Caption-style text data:
=== Section Start ===
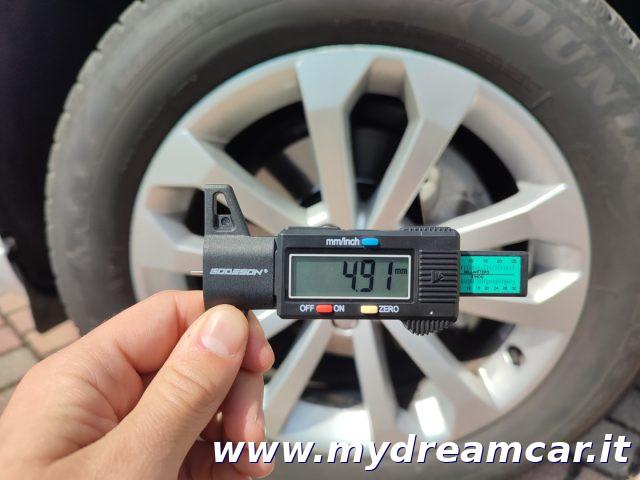 AUDI Q5 2.0 TDI 190 CV clean diesel quattro Business
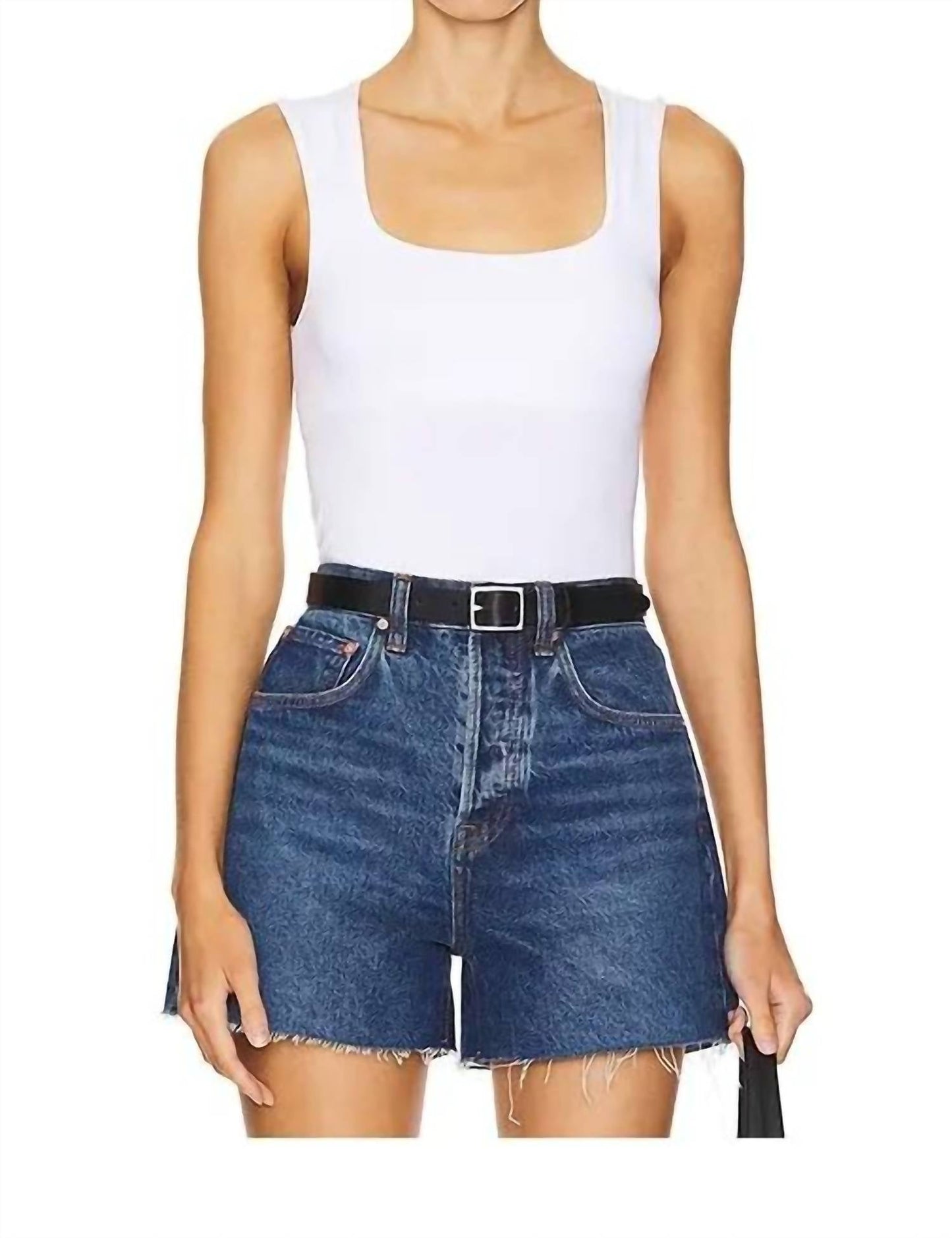free-people-luna-square-neck-bodysuit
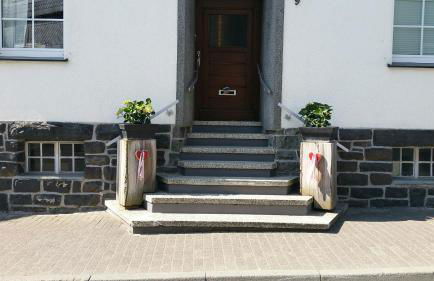 freundliche Unterkunft Sauerland - Foto 8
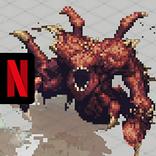 Stranger Things 3: Gra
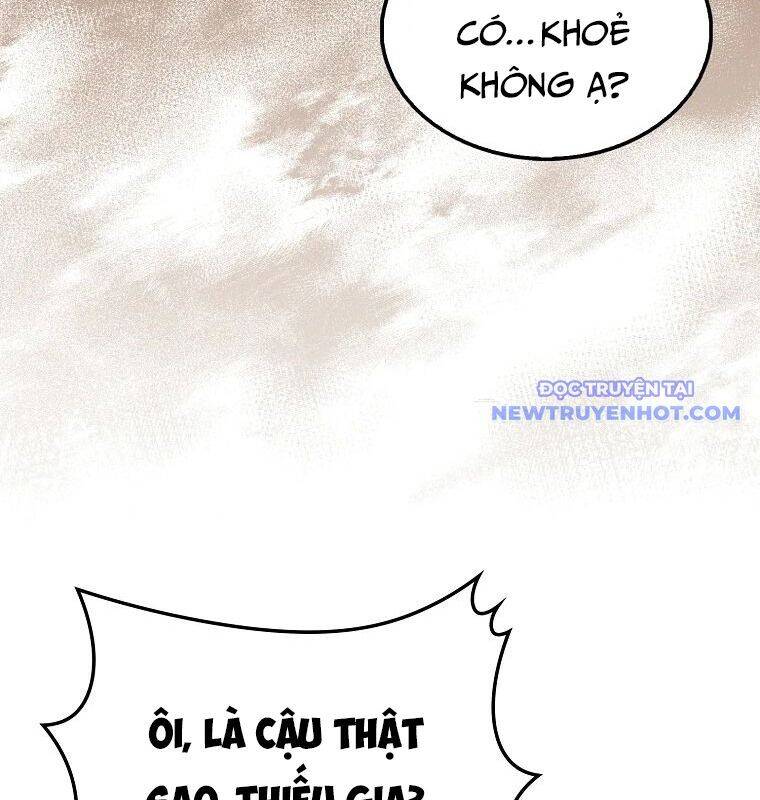 Pháp Sư Cận Chiến Mạnh Nhất: Chapter 41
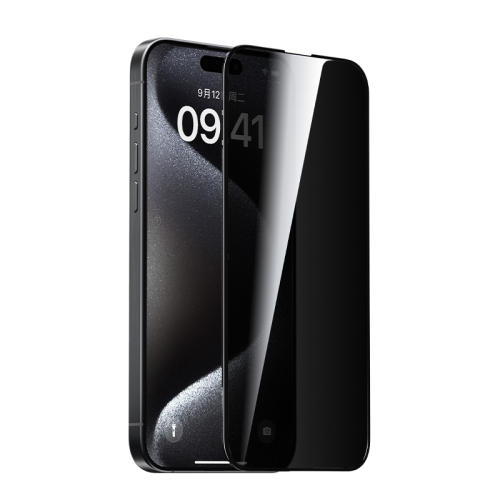 iPhone 16 Pro Max ԭ??30ȷ??  360ȷͼ˹ֻĤ͸322Ԫ4(80.5Ԫ/)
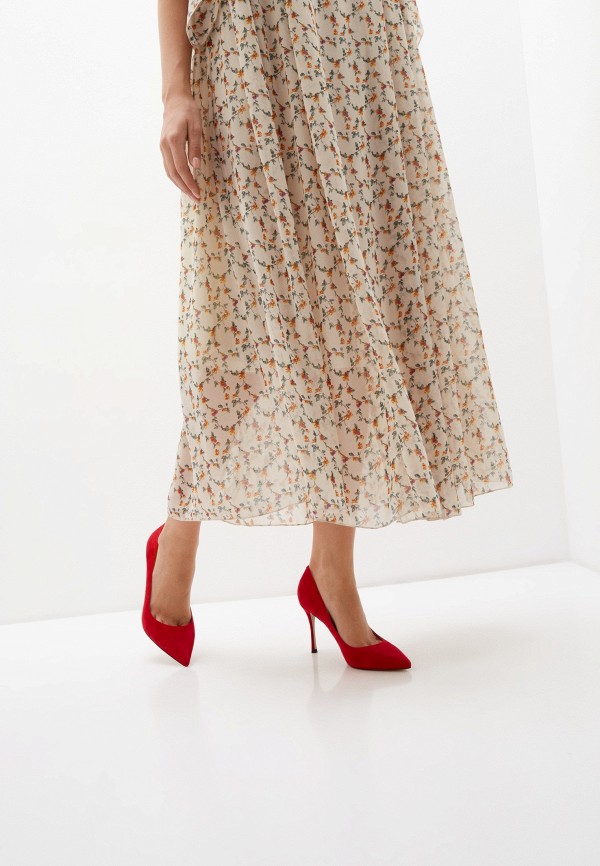 фото Туфли el'rosso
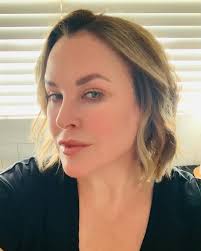 Kelly Wise Fields (@kellywisefields) • Instagram photos and videos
=== Section End ===
Work order →
Your copy should begin at the line containing "Pháp Sư Cận Chiến Mạnh Nhất: Chapter 41" and end at the last line of the data above, matching each line exactly and holding no pictures.

Task output →
 Pháp Sư Cận Chiến Mạnh Nhất: Chapter 41
 iPhone 16 Pro Max ԭ??30ȷ??  360ȷͼ˹ֻĤ͸322Ԫ4(80.5Ԫ/)
 фото Туфли el'rosso
 Kelly Wise Fields (@kellywisefields) • Instagram photos and videos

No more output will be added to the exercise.